The ADALINE (adaptive linear neuron) networks discussed in this topic are similar to the perceptron, but their transfer function is linear rather than hard-limiting. This allows their outputs to take on any value, whereas the perceptron output is limited to either 0 or 1. Both the ADALINE and the perceptron can solve only linearly separable problems. However, here the LMS (least mean squares) learning rule, which is much more powerful than the perceptron learning rule, is used. The LMS, or Widrow-Hoff, learning rule minimizes the mean square error and thus moves the decision boundaries as far as it can from the training patterns.

In this section, you design an adaptive linear system that responds to changes in its environment as it is operating.

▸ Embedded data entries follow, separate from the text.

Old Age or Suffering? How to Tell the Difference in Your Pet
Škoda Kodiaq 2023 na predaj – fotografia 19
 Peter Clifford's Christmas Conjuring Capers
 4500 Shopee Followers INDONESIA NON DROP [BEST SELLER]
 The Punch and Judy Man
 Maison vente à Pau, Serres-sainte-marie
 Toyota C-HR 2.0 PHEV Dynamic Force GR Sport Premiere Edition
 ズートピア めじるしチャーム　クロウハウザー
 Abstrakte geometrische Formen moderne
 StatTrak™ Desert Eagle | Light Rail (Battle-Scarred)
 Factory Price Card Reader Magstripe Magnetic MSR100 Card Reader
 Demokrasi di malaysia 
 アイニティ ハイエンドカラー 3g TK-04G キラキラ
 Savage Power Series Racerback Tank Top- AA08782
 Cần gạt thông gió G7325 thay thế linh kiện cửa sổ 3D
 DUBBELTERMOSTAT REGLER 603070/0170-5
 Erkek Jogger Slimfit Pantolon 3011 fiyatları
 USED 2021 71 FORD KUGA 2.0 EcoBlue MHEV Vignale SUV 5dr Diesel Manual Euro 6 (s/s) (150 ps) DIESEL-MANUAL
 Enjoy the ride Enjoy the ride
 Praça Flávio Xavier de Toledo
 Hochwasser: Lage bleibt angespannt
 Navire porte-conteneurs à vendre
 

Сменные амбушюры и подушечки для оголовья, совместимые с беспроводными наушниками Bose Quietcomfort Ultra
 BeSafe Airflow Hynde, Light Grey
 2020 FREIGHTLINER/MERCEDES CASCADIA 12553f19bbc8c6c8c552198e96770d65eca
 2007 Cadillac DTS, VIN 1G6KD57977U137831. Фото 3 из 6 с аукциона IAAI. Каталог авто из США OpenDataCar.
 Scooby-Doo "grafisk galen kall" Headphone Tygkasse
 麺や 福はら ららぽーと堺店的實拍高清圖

Linear networks that are adjusted at each time step based on new input and target vectors can find weights and biases that minimize the network's sum-squared error for recent input and target vectors. Networks of this sort are often used in error cancelation, signal processing, and control systems.

The pioneering work in this field was done by Widrow and Hoff, who gave the name ADALINE to adaptive linear elements. The basic reference on this subject is Widrow, B., and S.D. Sterns, Adaptive Signal Processing, New York, Prentice-Hall, 1985.

The adaptive training of self-organizing and competitive networks is also considered in this section.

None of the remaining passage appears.